Duruşmaya başlanarak hazır bulunan avukatların sözlü açıklamaları dinlendikten sonra duruşmaya son verildi.
Tetkik Hâkimi tarafından hazırlanan rapor dinlendikten sonra dosyadaki belgeler incelenip gereği düşünüldü:
I. DAVA
Davacı idare vekili dava dilekçesinde; Adana ili, ... ilçesi, ... Mahallesi, 696 ada 14 (eski 4 parselden ifraz) parsel sayılı taşınmazın kamulaştırma bedelinin tespiti ve kamulaştırılan taşınmazın yol olarak terkinini talep etmiştir.
II. CEVAP
Davalılar cevap dilekçesinde özetle; dava konusu taşınmazın arsa niteliğinde olduğunu, usulüne uygun olarak oluşturulacak bilirkişi heyetinin belirlediği bedelinin kamu alacakları için öngörülen en yüksek faiziyle ödenmesine karar verilmesi ve yargılama giderlerinin davacı idare üzerinde bırakılarak davacı idare lehine vekâlet ücretine hülmedilmemesi gerektiğini beyan etmiştir.
III. İLK DERECE MAHKEMESİ KARARI
İlk Derece Mahkemesinin yukarıda tarih ve sayısı belirtilen kararı ile davanın kabulüne, kamulaştırma bedelinin tespiti ile bu bedelin bloke ettirilerek davalı tarafa derhâl ödenmesine, dava konusu taşınmazın davalı adına olan tapu kaydının iptali ile yol olarak terkinine karar verilmiştir.
IV. İSTİNAF
A. İstinaf Yoluna Başvuranlar
İlk Derece Mahkemesinin yukarıda belirtilen kararına karşı süresi içinde taraf vekilleri istinaf başvurusunda bulunmuştur.
B. İstinaf Sebepleri
1. Davacı vekili istinaf dilekçesinde özetle; tespit edilen kamulaştırma bedelinin rayicin çok üzerinde belirlendiğini, bilirkişi raporunun gerçekçi ve denetime elverişli olmadığını, yerel mahkeme kararın Yargıtay içtihatlarına ve 2942 sayılı Kanun'un 11 inci maddesine uygun olmadığını ileri sürerek İlk Derece Mahkemesi kararının kaldırılması istemi ile istinaf yoluna başvurmuştur.
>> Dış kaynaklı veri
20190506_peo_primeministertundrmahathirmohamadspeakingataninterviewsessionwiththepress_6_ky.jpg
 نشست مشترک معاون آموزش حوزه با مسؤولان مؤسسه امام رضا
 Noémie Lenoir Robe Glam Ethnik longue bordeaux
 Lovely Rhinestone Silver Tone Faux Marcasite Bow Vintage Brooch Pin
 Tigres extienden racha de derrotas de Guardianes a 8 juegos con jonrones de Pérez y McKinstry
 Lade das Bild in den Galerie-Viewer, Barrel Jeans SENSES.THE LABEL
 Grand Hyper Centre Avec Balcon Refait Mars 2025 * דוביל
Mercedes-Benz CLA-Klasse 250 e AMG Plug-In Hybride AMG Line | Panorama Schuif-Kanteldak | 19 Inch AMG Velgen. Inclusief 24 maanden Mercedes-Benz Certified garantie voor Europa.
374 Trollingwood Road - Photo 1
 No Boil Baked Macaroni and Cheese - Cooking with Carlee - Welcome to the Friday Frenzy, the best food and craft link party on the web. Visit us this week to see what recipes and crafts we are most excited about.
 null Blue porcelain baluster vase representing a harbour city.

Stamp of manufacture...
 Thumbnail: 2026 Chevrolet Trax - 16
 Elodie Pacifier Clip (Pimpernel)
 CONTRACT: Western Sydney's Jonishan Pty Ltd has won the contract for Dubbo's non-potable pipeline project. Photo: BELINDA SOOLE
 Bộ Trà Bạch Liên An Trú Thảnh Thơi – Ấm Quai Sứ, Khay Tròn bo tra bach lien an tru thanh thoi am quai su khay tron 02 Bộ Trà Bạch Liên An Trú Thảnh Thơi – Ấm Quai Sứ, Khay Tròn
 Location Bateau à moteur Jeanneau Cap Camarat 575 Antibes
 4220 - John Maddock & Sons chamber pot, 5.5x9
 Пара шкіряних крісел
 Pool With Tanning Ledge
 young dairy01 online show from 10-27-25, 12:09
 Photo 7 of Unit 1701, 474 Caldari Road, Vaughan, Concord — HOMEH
2. Davalı vekili istinaf dilekçesinde özetle; dava konusu taşınmaz için emsal karşılaştırması sonucunda belirlenen değerini taşınmazın gerçek değerini karşılamadığını, arta kalan kısım için değer düşüklüğü oranının düşük hesaplandığını, zemin üzerindeki ağaç bedellerinin yanlış ve eksik hesaplandığını, yapılardan fazla yıpranma payı düşüldüğünü, avukatlık ücreti yönünden 2942 sayılı Kanun'un 29 uncu maddesi uyarınca kamulaştırma davalarında yargılama giderinden idarenin sorumlu olduğunu, bu sebeple idare lehine vekâlet ücretine hükmedilmemesi gerektiğini ileri sürerek İlk Derece Mahkemesi kararının kaldırılması istemi ile istinaf yoluna başvurmuştur.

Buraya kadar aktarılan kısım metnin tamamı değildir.